Dataset excerpts

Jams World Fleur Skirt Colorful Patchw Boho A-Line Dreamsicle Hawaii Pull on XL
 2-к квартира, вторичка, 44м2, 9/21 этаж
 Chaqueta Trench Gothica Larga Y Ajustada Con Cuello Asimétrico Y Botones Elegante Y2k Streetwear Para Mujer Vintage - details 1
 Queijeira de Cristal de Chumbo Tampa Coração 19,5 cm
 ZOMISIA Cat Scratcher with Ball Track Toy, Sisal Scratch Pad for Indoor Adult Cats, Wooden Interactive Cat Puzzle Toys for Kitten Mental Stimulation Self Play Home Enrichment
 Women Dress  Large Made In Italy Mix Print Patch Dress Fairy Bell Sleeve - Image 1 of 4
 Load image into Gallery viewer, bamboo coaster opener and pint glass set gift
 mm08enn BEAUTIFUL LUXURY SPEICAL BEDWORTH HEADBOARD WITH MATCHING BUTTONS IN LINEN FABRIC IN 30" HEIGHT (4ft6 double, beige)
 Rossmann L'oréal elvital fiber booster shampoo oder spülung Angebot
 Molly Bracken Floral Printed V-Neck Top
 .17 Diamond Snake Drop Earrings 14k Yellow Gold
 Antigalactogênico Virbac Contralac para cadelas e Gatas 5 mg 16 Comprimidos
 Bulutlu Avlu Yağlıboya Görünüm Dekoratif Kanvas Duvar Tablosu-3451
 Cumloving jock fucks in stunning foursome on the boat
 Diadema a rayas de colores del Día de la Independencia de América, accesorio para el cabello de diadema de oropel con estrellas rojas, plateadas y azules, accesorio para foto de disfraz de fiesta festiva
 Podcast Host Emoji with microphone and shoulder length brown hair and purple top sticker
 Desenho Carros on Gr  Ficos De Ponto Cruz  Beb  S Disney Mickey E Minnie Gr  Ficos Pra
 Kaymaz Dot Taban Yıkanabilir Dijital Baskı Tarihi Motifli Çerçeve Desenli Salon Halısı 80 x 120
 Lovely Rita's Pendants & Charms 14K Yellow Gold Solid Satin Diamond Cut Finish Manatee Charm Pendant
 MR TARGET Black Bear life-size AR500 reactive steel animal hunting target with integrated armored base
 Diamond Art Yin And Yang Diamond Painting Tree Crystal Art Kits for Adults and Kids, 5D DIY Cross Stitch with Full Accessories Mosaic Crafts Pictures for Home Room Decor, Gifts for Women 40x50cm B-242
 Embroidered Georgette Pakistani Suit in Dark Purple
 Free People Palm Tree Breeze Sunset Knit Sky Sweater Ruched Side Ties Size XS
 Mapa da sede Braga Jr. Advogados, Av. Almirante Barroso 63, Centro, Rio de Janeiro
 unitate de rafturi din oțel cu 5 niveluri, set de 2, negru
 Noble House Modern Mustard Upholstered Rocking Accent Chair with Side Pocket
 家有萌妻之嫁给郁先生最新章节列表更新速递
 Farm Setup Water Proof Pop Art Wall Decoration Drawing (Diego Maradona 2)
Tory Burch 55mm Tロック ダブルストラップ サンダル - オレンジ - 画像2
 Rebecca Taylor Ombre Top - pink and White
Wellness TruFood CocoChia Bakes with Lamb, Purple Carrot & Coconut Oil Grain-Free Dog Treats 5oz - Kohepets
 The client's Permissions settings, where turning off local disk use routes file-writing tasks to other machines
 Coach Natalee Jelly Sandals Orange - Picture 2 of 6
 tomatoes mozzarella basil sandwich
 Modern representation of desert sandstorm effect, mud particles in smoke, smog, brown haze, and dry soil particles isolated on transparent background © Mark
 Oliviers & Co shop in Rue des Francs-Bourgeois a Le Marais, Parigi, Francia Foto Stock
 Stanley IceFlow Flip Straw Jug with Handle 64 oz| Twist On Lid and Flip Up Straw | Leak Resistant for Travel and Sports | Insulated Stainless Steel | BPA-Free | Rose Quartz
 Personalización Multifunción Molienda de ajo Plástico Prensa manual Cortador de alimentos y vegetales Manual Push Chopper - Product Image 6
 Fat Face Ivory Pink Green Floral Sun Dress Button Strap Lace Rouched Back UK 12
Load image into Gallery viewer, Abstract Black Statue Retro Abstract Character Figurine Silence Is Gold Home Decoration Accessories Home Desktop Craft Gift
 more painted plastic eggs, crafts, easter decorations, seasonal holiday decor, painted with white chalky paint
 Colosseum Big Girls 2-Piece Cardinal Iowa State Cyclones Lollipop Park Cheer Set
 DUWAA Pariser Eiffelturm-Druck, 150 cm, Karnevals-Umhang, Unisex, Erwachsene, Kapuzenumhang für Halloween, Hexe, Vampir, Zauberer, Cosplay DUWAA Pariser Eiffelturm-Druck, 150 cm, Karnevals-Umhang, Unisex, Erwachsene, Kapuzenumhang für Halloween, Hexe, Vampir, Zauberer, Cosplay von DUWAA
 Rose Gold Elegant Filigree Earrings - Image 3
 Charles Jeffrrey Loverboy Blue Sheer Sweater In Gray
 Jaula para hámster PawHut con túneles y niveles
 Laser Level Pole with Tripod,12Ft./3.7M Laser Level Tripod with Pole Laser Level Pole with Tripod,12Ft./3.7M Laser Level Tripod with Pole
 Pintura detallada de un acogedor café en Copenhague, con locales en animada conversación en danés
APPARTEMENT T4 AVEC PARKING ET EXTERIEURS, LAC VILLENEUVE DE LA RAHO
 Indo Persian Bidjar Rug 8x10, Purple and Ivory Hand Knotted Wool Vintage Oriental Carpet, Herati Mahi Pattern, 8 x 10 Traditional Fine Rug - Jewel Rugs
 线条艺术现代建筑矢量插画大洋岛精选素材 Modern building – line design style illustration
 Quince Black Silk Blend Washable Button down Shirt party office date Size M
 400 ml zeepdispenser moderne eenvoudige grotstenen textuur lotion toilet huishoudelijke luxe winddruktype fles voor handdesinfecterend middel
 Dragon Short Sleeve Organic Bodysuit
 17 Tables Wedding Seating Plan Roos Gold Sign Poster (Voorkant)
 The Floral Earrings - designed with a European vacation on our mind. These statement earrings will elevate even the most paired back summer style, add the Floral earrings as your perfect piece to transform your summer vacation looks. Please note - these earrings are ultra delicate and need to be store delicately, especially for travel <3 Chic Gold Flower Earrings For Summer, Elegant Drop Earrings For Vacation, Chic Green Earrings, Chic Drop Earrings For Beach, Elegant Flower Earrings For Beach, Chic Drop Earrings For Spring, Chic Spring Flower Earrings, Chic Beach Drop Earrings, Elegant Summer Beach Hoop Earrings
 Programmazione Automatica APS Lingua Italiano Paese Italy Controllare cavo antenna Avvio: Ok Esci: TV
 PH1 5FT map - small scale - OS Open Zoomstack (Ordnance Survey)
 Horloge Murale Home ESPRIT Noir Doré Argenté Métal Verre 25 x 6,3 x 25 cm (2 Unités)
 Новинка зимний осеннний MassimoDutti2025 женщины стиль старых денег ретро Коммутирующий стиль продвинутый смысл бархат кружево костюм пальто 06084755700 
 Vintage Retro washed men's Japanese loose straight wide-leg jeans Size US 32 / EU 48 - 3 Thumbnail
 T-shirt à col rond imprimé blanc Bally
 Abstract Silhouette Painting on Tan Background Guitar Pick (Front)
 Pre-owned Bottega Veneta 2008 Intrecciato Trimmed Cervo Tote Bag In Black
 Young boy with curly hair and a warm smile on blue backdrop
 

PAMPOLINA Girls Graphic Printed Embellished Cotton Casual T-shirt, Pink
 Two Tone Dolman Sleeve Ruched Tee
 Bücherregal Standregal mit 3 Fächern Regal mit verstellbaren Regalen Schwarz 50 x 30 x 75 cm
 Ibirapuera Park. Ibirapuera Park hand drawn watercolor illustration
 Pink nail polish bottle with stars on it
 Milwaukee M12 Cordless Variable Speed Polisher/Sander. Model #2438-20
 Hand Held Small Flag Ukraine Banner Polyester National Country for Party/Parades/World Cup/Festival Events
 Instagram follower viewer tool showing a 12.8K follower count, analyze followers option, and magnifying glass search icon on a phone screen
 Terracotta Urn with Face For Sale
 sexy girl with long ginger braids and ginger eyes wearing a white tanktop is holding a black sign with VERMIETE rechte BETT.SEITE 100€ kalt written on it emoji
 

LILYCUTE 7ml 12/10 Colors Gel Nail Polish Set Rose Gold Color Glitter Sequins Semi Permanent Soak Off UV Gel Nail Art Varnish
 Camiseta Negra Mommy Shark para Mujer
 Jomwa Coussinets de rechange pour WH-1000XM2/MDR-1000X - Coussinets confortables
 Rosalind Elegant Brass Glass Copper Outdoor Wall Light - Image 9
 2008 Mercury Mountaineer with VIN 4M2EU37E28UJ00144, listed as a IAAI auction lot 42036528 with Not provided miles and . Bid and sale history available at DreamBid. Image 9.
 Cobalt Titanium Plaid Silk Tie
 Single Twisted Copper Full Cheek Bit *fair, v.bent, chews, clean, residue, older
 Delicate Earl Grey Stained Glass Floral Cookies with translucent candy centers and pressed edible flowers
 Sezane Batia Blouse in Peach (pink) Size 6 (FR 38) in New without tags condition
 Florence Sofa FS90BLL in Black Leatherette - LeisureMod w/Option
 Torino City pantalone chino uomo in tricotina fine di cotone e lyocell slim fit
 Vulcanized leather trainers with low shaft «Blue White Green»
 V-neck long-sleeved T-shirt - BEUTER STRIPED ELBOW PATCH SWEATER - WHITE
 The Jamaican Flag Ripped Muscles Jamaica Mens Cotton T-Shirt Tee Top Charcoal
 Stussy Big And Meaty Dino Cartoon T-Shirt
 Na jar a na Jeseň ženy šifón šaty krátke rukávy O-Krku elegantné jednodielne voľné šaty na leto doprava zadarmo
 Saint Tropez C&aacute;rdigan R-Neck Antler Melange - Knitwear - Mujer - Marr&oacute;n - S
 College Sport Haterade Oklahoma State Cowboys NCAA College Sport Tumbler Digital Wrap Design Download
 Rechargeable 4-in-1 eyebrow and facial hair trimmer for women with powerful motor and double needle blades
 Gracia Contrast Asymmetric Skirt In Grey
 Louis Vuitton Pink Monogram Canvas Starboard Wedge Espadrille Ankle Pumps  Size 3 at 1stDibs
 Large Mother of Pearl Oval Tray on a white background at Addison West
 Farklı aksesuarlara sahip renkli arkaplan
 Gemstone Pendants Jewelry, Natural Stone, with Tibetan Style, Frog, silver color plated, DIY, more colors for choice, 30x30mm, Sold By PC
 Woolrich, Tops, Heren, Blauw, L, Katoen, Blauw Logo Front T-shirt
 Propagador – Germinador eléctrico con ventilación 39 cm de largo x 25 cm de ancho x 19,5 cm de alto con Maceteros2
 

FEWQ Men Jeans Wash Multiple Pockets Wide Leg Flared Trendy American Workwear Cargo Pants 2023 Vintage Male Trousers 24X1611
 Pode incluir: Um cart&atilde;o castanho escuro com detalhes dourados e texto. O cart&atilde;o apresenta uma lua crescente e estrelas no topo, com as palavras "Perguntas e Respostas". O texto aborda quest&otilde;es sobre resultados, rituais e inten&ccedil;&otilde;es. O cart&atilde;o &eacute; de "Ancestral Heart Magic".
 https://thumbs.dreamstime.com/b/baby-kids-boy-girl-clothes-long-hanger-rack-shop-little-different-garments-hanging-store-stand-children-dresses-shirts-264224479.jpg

## WORK ORDER
Copy every line of the records above that holds the word "Large".

## SOLUTION TO THIS EXERCISE
 Women Dress  Large Made In Italy Mix Print Patch Dress Fairy Bell Sleeve - Image 1 of 4
 Large Mother of Pearl Oval Tray on a white background at Addison West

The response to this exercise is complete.